41. This provision gives the court power to review administrative actions. This position was clearly stated in the case of Such an Investment Limited v Ministry of National Heritage and Culture, & 3 others, (2016) KLR that, Article 47 where the Court found that its power to statutorily review administrative action no longer flows directly from the common law, but inter alia from the constitutionally mandated Fair Administrative Action Act and Article 47 of the Constitution of Kenya 2010. see Fair Administrative Action Act (No 4 of 2015), Section 12.

42. The fact that the provision of the complementariness between the Fair Administrative Action Act and the common law appears in the miscellaneous part of the Act does not mean that is less weighty at least from jurisprudence.

43. Procedurally, the Fair Administrative Action Act expounds on how a request for reasons for administrative action can be made, modes of enforcing the right to be given reasons, and the remedies that accrue for breach of the right. Section 6(1) of the Fair Administrative Action Act allows an individual adversely affected by administrative action to request certain information from public administrators to facilitate his/her application for review of that administrative action in court.

44. The information requested includes reasons for the administrative action taken and any other relevant documents relating to the decision. Section 6(3) of the Fair Administrative Action Act gives a public administrator thirty (30) days to provide written reasons after receiving a request for the same. Reasons provided orally would not suffice.

45. Written reasons are more likely to be adequate because the administrator would have had sufficient time to properly consider the issues by considering relevant factors to enable him to justify his decision.

46. This may not be the case if the administrator was allowed to provide reasons orally at the point of making the decision. The time frame of 30 days looks reasonable because it gives an administrator sufficient time to properly consider the issues and relevant factors and provide written reasons for administrative action.

47. The test of adequate reasons that has been adopted in Kenya is that the reasons for the administrative action must be capable of informing the other person. See 5 SCR McIntosh, Fundamental Rights, and Democratic Governance: Essays in Caribbean Jurisprudence (2005) 34, where it is opined that the purpose of the duty to give a reason is to justify the administrative action – to explain to the affected person why a particular action was taken. This makes the requirement for adequate reasons to be given to be important.

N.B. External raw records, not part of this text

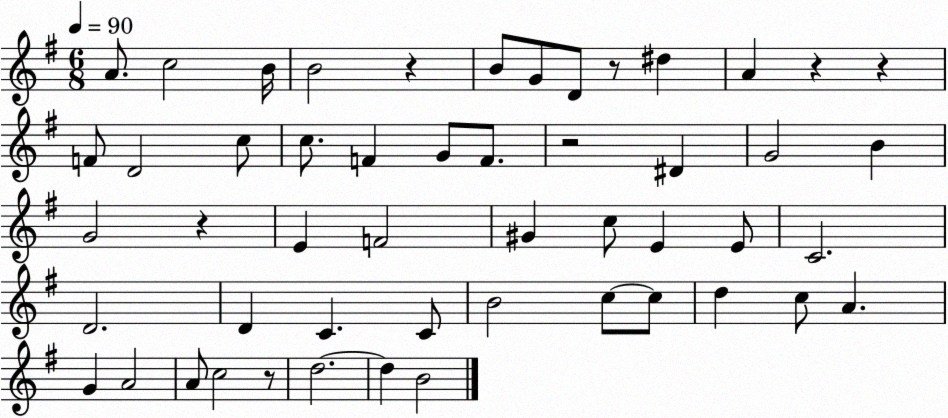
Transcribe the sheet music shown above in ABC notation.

X:1
T:Untitled
M:6/8
L:1/4
K:G
A/2 c2 B/4 B2 z B/2 G/2 D/2 z/2 ^d A z z F/2 D2 c/2 c/2 F G/2 F/2 z2 ^D G2 B G2 z E F2 ^G c/2 E E/2 C2 D2 D C C/2 B2 c/2 c/2 d c/2 A G A2 A/2 c2 z/2 d2 d B2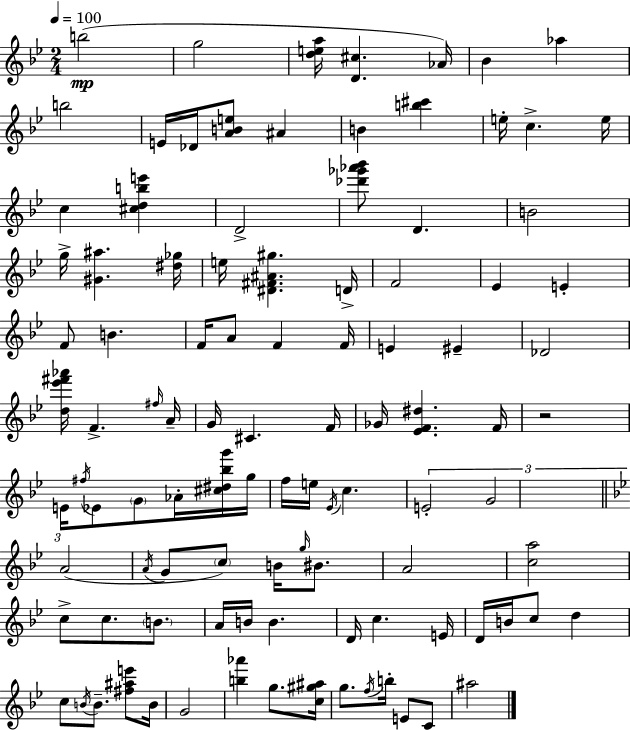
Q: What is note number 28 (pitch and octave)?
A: F4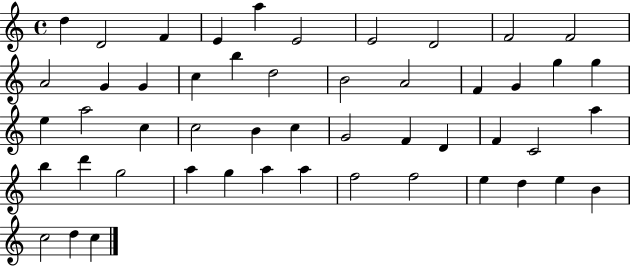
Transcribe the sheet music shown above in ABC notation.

X:1
T:Untitled
M:4/4
L:1/4
K:C
d D2 F E a E2 E2 D2 F2 F2 A2 G G c b d2 B2 A2 F G g g e a2 c c2 B c G2 F D F C2 a b d' g2 a g a a f2 f2 e d e B c2 d c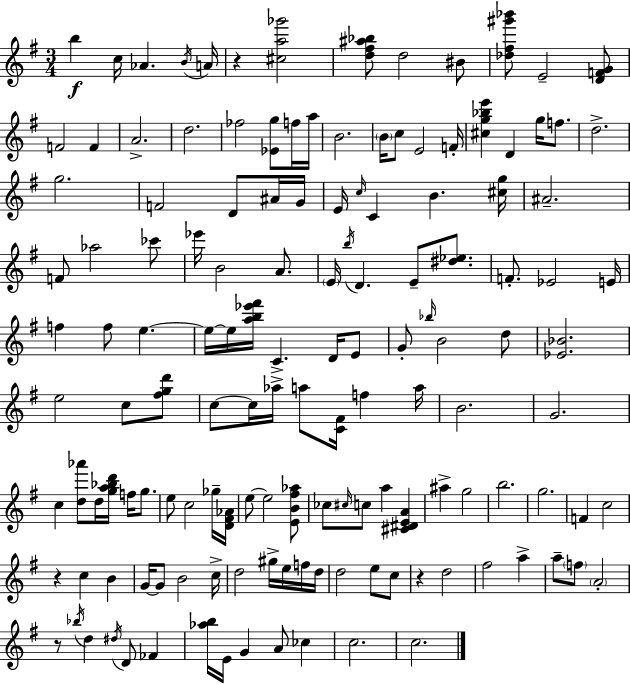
B5/q C5/s Ab4/q. B4/s A4/s R/q [C#5,A5,Gb6]/h [D5,F#5,A#5,Bb5]/e D5/h BIS4/e [Db5,F#5,G#6,Bb6]/e E4/h [D4,F4,G4]/e F4/h F4/q A4/h. D5/h. FES5/h [Eb4,G5]/e F5/s A5/s B4/h. B4/s C5/e E4/h F4/s [C#5,G5,Bb5,E6]/q D4/q G5/s F5/e. D5/h. G5/h. F4/h D4/e A#4/s G4/s E4/s C5/s C4/q B4/q. [C#5,G5]/s A#4/h. F4/e Ab5/h CES6/e Eb6/s B4/h A4/e. E4/s B5/s D4/q. E4/e [D#5,Eb5]/e. F4/e. Eb4/h E4/s F5/q F5/e E5/q. E5/s E5/s [A5,B5,Eb6,F#6]/s C4/q. D4/s E4/e G4/e Bb5/s B4/h D5/e [Eb4,Bb4]/h. E5/h C5/e [F#5,G5,D6]/e C5/e C5/s Ab5/s A5/e [C4,F#4]/s F5/q A5/s B4/h. G4/h. C5/q [D5,Ab6]/e D5/s [G5,A5,Bb5,D6]/s F5/s G5/e. E5/e C5/h Gb5/s [D4,F#4,Ab4]/s E5/e E5/h [E4,B4,F#5,Ab5]/e CES5/e C#5/s C5/e A5/q [C#4,D#4,E4,A4]/q A#5/q G5/h B5/h. G5/h. F4/q C5/h R/q C5/q B4/q G4/s G4/e B4/h C5/s D5/h G#5/s E5/s F5/s D5/s D5/h E5/e C5/e R/q D5/h F#5/h A5/q A5/e F5/e A4/h R/e Bb5/s D5/q D#5/s D4/e FES4/q [Ab5,B5]/s E4/s G4/q A4/e CES5/q C5/h. C5/h.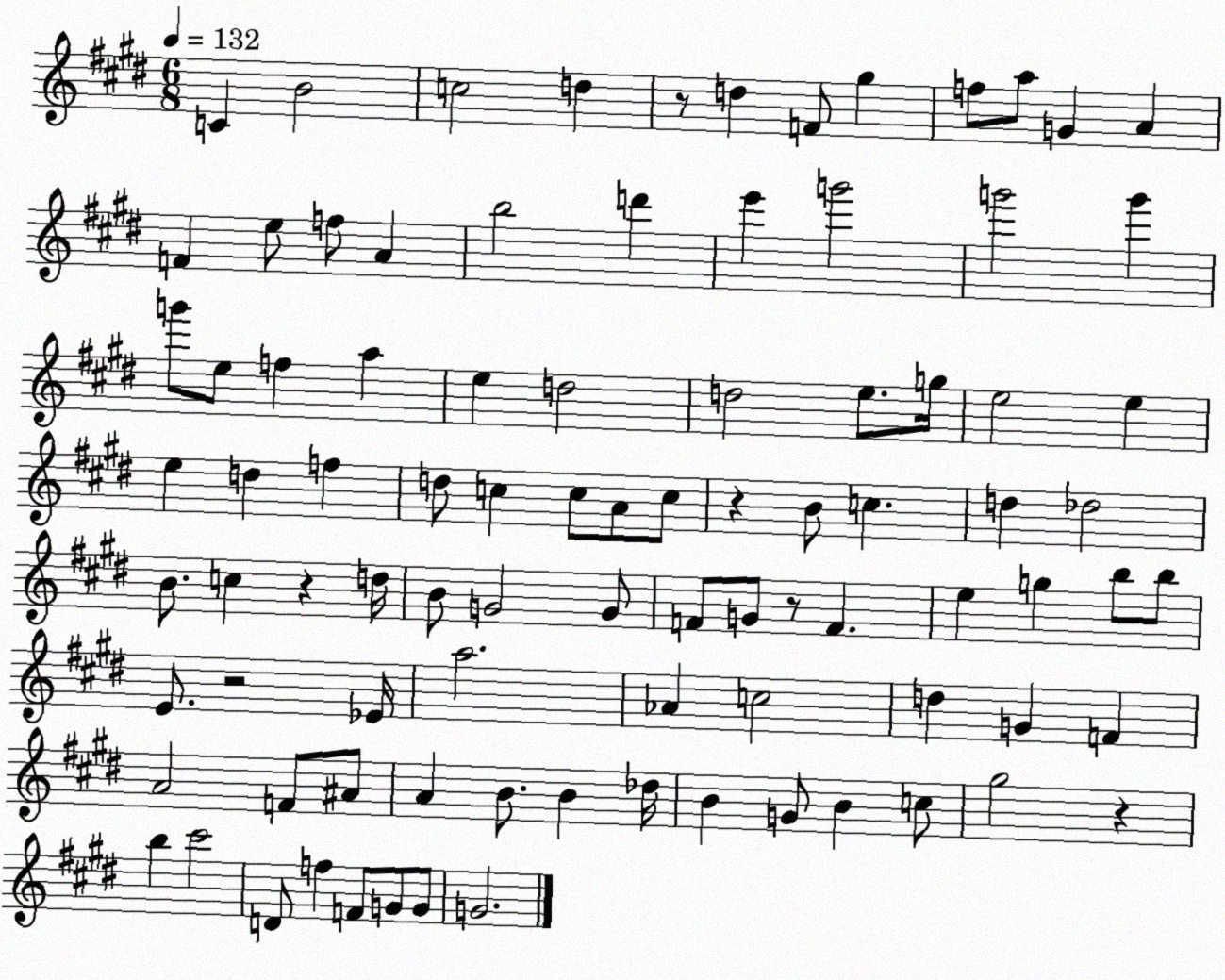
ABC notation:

X:1
T:Untitled
M:6/8
L:1/4
K:E
C B2 c2 d z/2 d F/2 ^g f/2 a/2 G A F e/2 f/2 A b2 d' e' g'2 g'2 g' g'/2 e/2 f a e d2 d2 e/2 g/4 e2 e e d f d/2 c c/2 A/2 c/2 z B/2 c d _d2 B/2 c z d/4 B/2 G2 G/2 F/2 G/2 z/2 F e g b/2 b/2 E/2 z2 _E/4 a2 _A c2 d G F A2 F/2 ^A/2 A B/2 B _d/4 B G/2 B c/2 ^g2 z b ^c'2 D/2 f F/2 G/2 G/2 G2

48. The question of the adequacy of the reasons given should be assessed from the point of view of the affected person rather than that of the public administrator, See S Freeman, ‘Constitutional Democracy and the Legitimacy of Judicial Review’ (1990-91) 9 Law and Philosophy,327.

49. When evaluating the adequacy of reasons given for administrative action, courts should ensure the reasons are unambiguous and intelligible to the person affected. They should be precise to enable the affected person to understand why and how the decision was reached.

50. In the English case of Re Posyer and Mills Arbitration, 57 Megaw J stated that proper and adequate reasons must be given. The reasons that are set out must be reasons that will not only be intelligible but will deal with substantive points that have been raised. Migai Akech Suppra, rightfully argues that the decision in the Re Posyer case means that the reasons provided must not only be both adequate and intelligible but also rationally relate to the evidence and be comprehensible.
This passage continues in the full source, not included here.